Momentus, in its first quarter financial results released May 11, reported a net loss of $20.8 million and revenue of just $22,000. The company had cash and equivalents of $39 million on hand as of the end of the quarter.
In an earnings call, company executives acknowledged the going concern warning but played it down. “Momentus has already taken proactive steps to extend our cash runway and in addition have evaluated our strategic business plan to identify the best course of action in clearing this going concern analysis,” said Eric Williams, chief financial officer.
He notes the company was taking steps to both increase revenues through new business as well as reducing expenses. “We expect this plan will improve our liquidity and strengthen our balance sheet to allow the company to operate well into 2024,” he said. “In addition, we continue to explore and evaluate opportunities to raise additional funds and further strengthen our balance sheet.”
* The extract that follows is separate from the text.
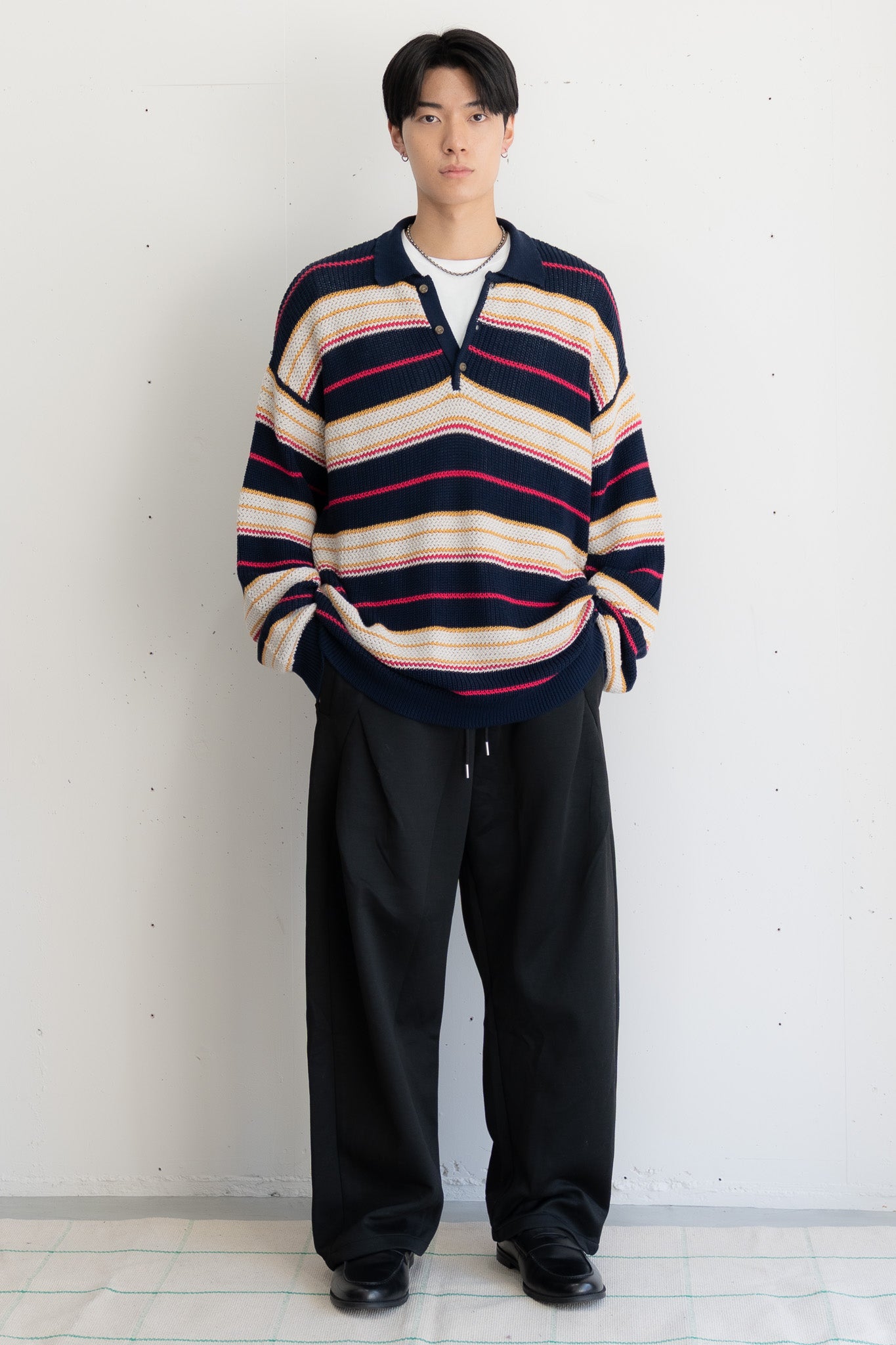 [SET]マルチボーダーポロニット+マルチボーダーポロニット(2set)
He did not elaborate on those efforts to raise additional funding, which could be through additional stock sales or debt. The company’s shares closed down nearly 10% May 15 at 34.45 cents.
Despite the going concern warning, the company emphasized it was proceeding with a series of missions of its Vigoride tug. Vigoride-5, which demonstrated it could raise its orbit slightly with its propulsion system, also recently deployed its single satellite payload, a cubesat for Singapore-based Qosmosys, and is now operating a space solar power hosted payload for Caltech.
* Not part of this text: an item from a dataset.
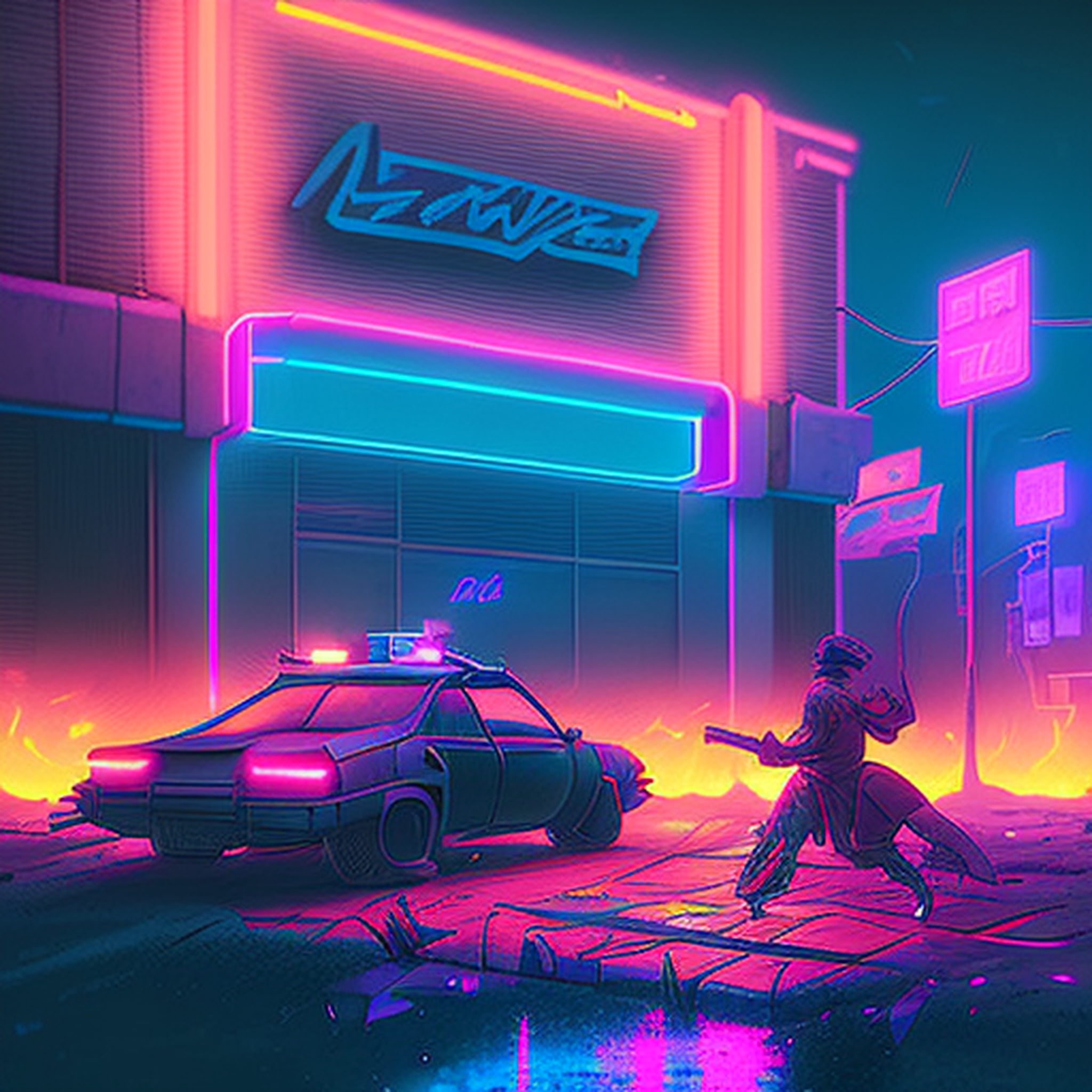 Syntwave neon city by stable diffusion - Моё, Artstation, Stable Diffusion, Арт, 2D, Киберпанк, Цифровой рисунок, Synthwave, Digital, Компьютерная графика, Искусственный интеллект, Творчество, Midjourney, Длиннопост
John Rood, chief executive of Momentus, said the Vigoride-6 tug launched in April will also release four commercial satellites onboard “in the coming days” before changing its orbit for the deployment of two NASA cubesats scheduled in July.
Momentus plans to fly its next tug on SpaceX’s Transporter-9 mission launching in October. It also has reservations on the Transporter-10, -11 and -12 missions in 2024, the last of which came from a contract the company announced May 12. That covers missions through October 2024, the company said.
Rood said he is optimistic the company will find more customers for those later missions, and is making changes to allow for the inclusion of “sensitive and classified” U.S. government payloads on Vigoride missions in 2024. “We think these government customers can ultimately grow to represent a major portion of our business and as we increase in scale, we anticipate this will help unlock additional operating leverage and stability in our revenue,” he said.
Astra released its first quarter financial results May 15, reporting a net loss of $44.9 million and no revenue. The company ended the quarter with $62.7 million in cash and equivalents.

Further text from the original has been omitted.